Image-text web data
━━━━━━━━━━━━━━━━━━━━
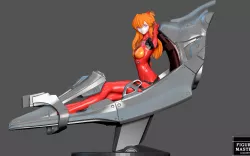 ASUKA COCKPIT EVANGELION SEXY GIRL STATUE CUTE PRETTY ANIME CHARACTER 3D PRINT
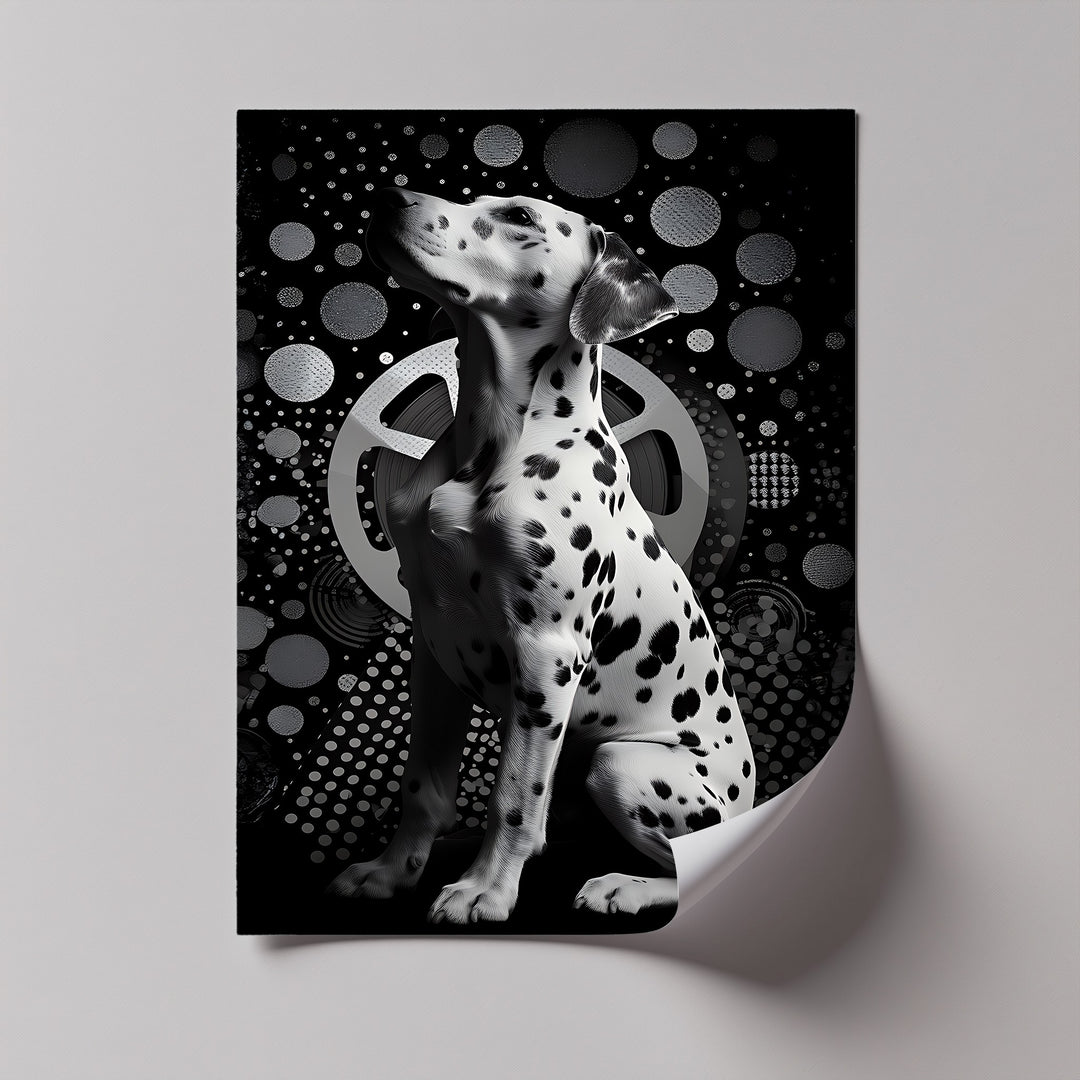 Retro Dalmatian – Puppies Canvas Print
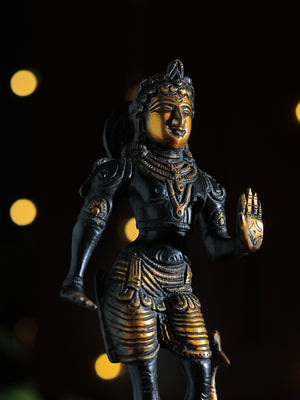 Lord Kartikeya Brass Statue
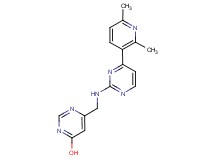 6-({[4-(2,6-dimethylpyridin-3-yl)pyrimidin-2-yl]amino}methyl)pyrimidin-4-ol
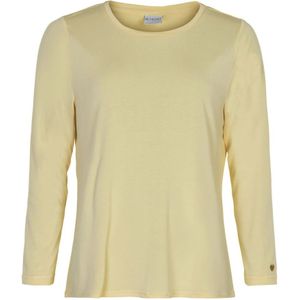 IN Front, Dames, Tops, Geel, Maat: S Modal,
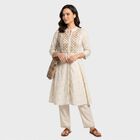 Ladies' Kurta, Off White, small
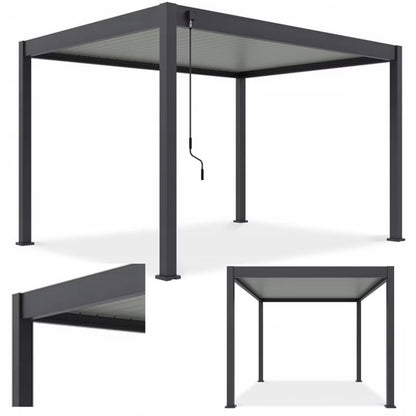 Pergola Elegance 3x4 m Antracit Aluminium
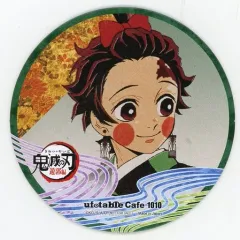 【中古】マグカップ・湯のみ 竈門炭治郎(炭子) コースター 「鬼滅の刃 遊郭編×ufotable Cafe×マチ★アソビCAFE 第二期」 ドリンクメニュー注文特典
━━━━━━━━━━━━━━━━━━━━
Work instructions:
Only an exact copy of the lines from the one with "Ladies' Kurta, Off White, small" through the last line of the data above is wanted, and no pictures.

Task result:
 Ladies' Kurta, Off White, small
 Pergola Elegance 3x4 m Antracit Aluminium
 【中古】マグカップ・湯のみ 竈門炭治郎(炭子) コースター 「鬼滅の刃 遊郭編×ufotable Cafe×マチ★アソビCAFE 第二期」 ドリンクメニュー注文特典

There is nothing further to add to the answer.